Load data from Parquet files in Amazon S3 on AWS

This article explains how to load data from Parquet files in Amazon S3 buckets on AWS using IMPORT.

Introduction

In Exasol 2025.1 and later you can use the IMPORT command to load data from Parquet files in Amazon S3 buckets on AWS using the native bulk loader in Exasol. This allows multiple Parquet files to be imported in parallel across nodes, enabling higher throughput for larger datasets. Single Parquet files can be read using multiple parallel operations, which results in faster and more efficient data read operations.

This operation is only supported for files stored on Amazon S3 on AWS. Other cloud services that use an S3 compatible protocol are not supported. Exasol automatically recognizes an Amazon S3 import based on the URL that is used with the IMPORT statement.

Amazon S3 URL format support

The following Amazon S3 URL formats are supported:

URL format Example
https://<bucketname>.s3.amazonaws.com https://my_bucket.s3.amazonaws.com
https://<bucketname>.s3.<aws_region>.amazonaws.com https://my_bucket.s3.eu-west-1.amazonaws.com
s3://<bucketname> s3://my_bucket

The AWS region is automatically detected if omitted in the URL.

AWS authentication options

Authentication using access key ID and secret access key is supported for seamless access to AWS resources. Additional support for session tokens allows secure short-lived credential-based authentication for temporary access to AWS.
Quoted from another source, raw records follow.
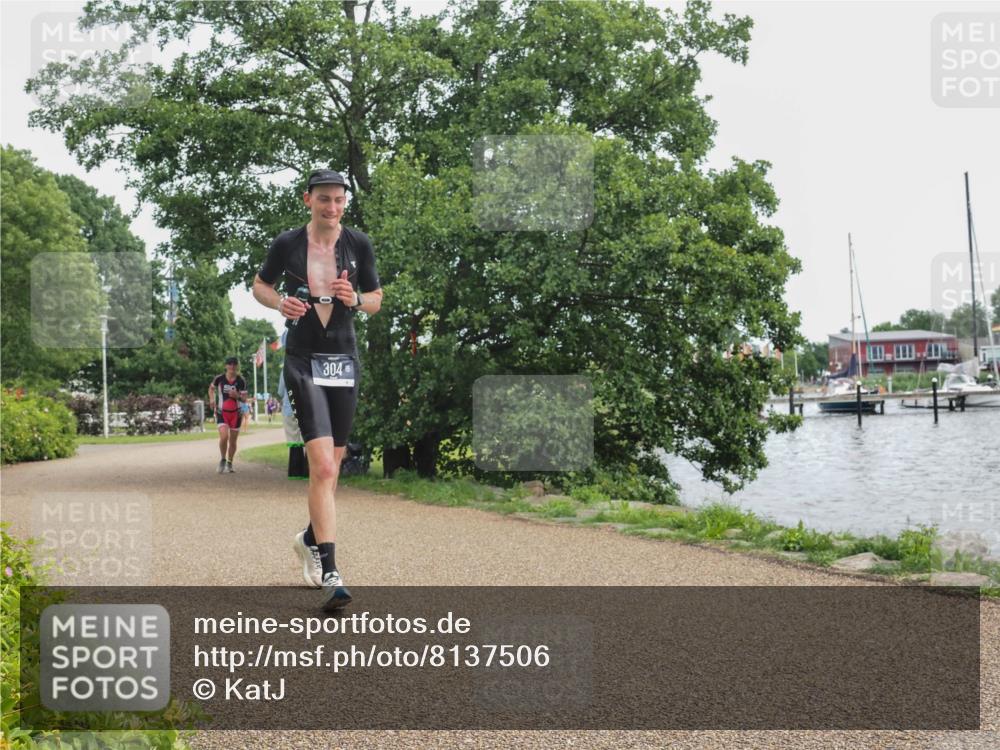22.06.2025 - Viking Triathlon KatJ http://msf.ph/oto/8137506 22.06.2025 14:51:53 Laufen 304 meine-sportfotos.de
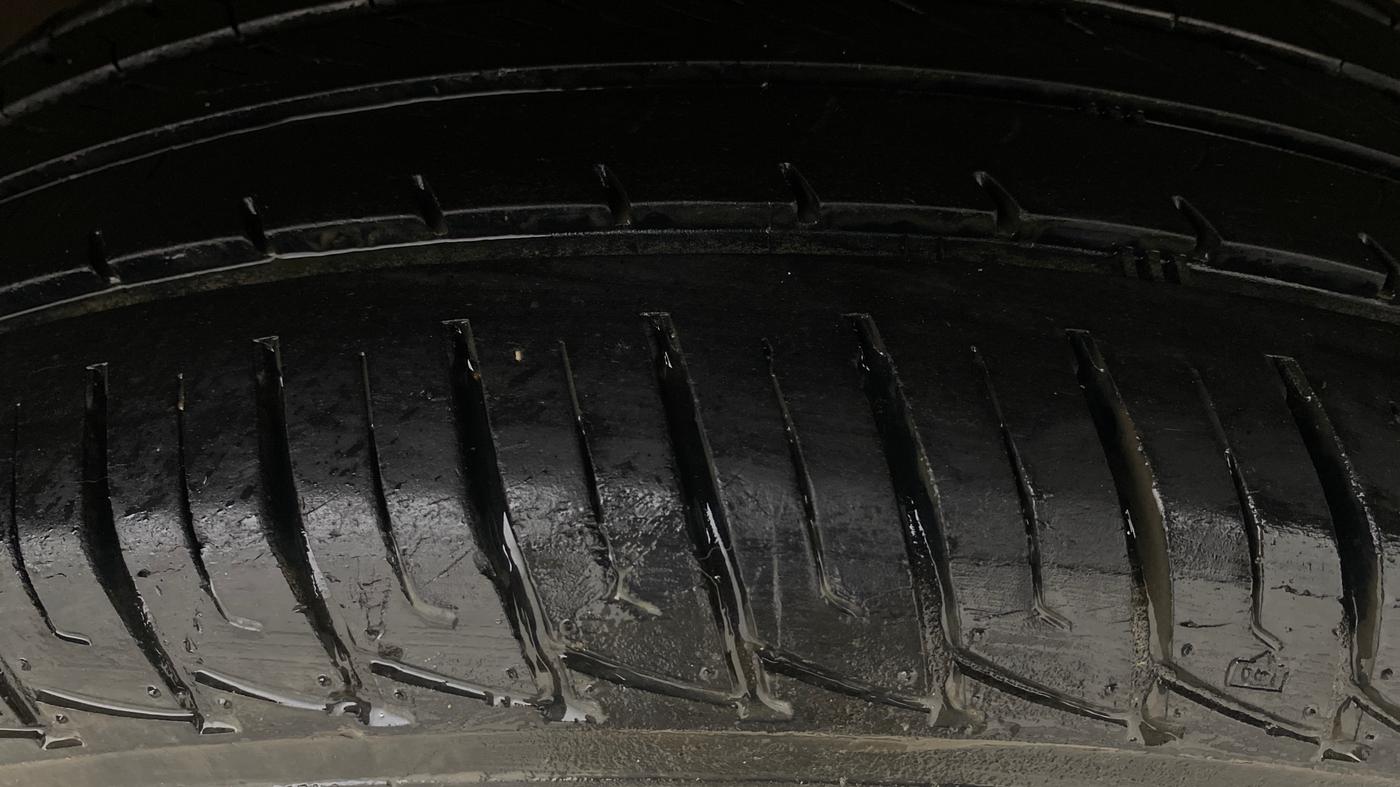 2016 Skoda Rapid 1.5 TDI CR STYLE PLUS AT, Diesel, Automatic, 92,976 km, Left Rear Tyre Tread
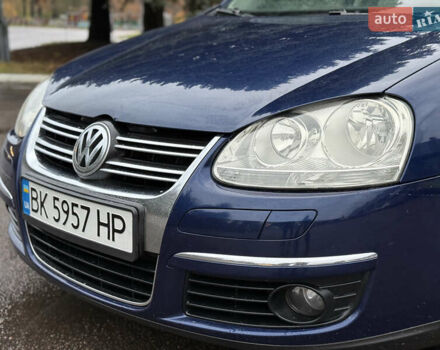 Синий Фольксваген Гольф, объемом двигателя 1.6 л и пробегом 318 тыс. км за 5150 $, фото 6 на Automoto.ua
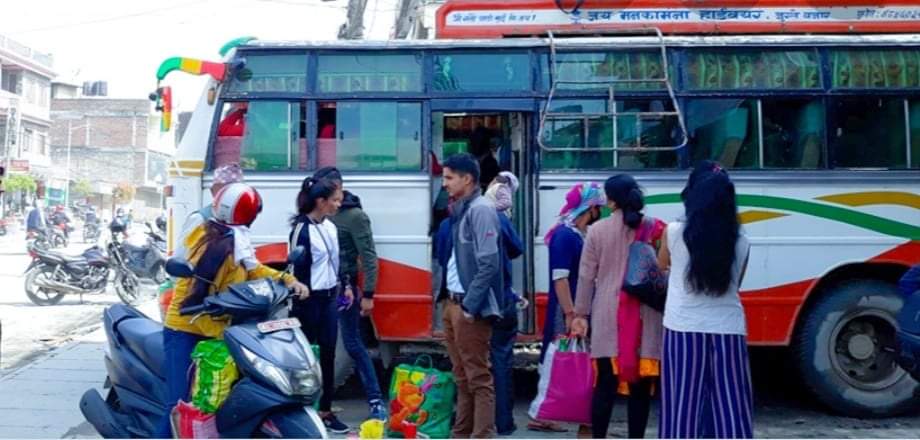 मास्क नलगाई बसमा चढ्नेलाई कारवाही गर्ने प्रशासनको निर्णय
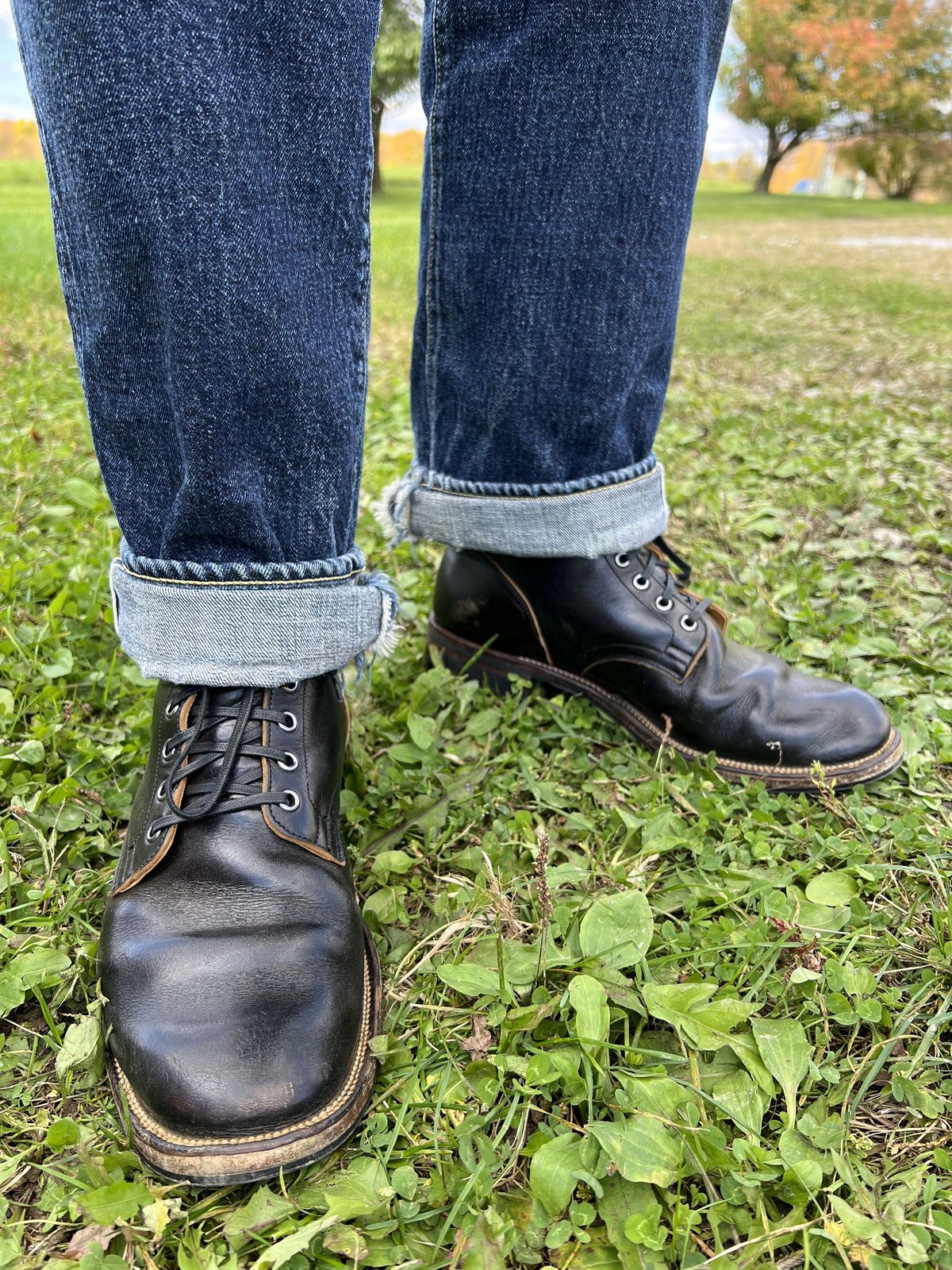 Photo by blackandbrownblues on November 2, 2021 of the Viberg Service Boot in Shinki Black Oiled Horsebutt.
For more information about AWS authentication methods, see AWS Identity and Access Management.

We recommend that you always create a connection object instead of providing the authentication details directly in the IMPORT command. To learn more, see Create a connection.

Supported data types

The following Parquet data types are supported:

INT8, INT16, INT32, INT64, UINT8, UINT16, UINT32, UINT64, FLOAT, DOUBLE

Additional supported data types:

Decimal128, String, LargeString, Date32, Date64, Bool, Timestamp

Source data tracking

Additional SQL options enable row-origin tracking by appending SHA256 file hash and source row number as metadata during the import.

The target table must contain suitable columns to store the metadata.

SQL option Description Column type
SOURCE FILE HASH_SHA256 Allows secure mapping of rows to their respective file origins.

CHAR(64)

VARCHAR(n) with n>=64

HASHTYPE (256 BIT)

SOURCE ROW NUMBER Captures the position of the row in the source file (0-based index). DECIMAL(p,s)

Column mapping

This feature is only available in Exasol 2025.1.5 and later.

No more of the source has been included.